Thank you for your continued use of Mackerel.
We sincerely apologise for the prolonged inconvenience and concern caused by the historical metric loss incident that occurred on Mackerel on 6 November 2025.
We hereby report the overview, cause, and future recurrence prevention measures for this incident.
Incident Summary
- Period: 6 November 2025, 10:52 to 15 November 2025, 10:50 (JST; same applies below)
Incident: Metric display outage for specific periods within certain organizations
Additionally, during recovery operations, the following secondary service impacts occurred temporarily.
Period: 7 November 2025, 06:09 to 07:54
Incident: Partial failures in posting tracesPeriod: 7 November 2025, 06:13 to 08:17
Incident: Metric display and associated monitoring was unstablePeriod: 7 November 2025, 16:24–17:17 Incident: Monitoring via queries on labeled metrics was unstable
Period: 7 November 2025, 16:45–17:30
Incident: Partial failures occurred in posting labeled metrics
All metrics previously missing from display have now been restored. Please note that no customer data was compromised as a result of this incident.
Timeline
- 6 November 2025
- 10:52 The migration from Redis cluster to Valkey cluster is started.
- 11:46 Upon investigating the suspicious migration status, it was found that the some metrics were not being displayed.
- 11:50 Initiated incident response formation.
- 12:15 Announced the metric viewing outage.
- 12:46 Initiate recovery of metric data from Amazon Kinesis Data Streams for the past 24 hours.
- 7 November 2025
- 07:30 Completed recovery of the past 24 hours' worth of one-minute granularity metrics.

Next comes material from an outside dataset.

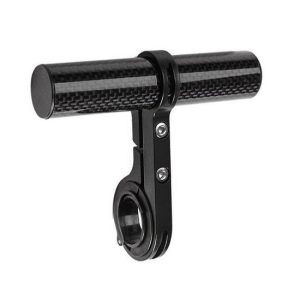SOPORTE EXTENSOR PARA PORTAMOVIL CARBONO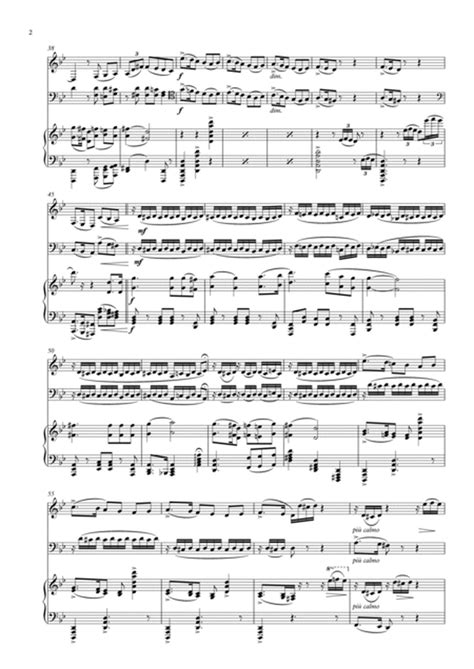 Cantos Canarios Chamber Music Digital Sheet Music Sheet Music Plus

- 17:26 Identified missing period as 30 October 2025 to 5 November 2025 13:00. (referred to as "the affected period")
- 18:00 Decided to recalculate metrics with 5-minute granularity or greater to restore missing data for the affected period at granularity of 1 hour or more.
- 9 November 2025
- 12:43 Completed restoration of service metrics with 5-minute granularity or greater for the relevant period.
- 14:27 Completed restoration of labeled metrics with 5-minute granularity or greater for the relevant period.
- 10 November 2025
- 14:57 Completed restoration of role metrics with 5-minute granularity or greater for the relevant period.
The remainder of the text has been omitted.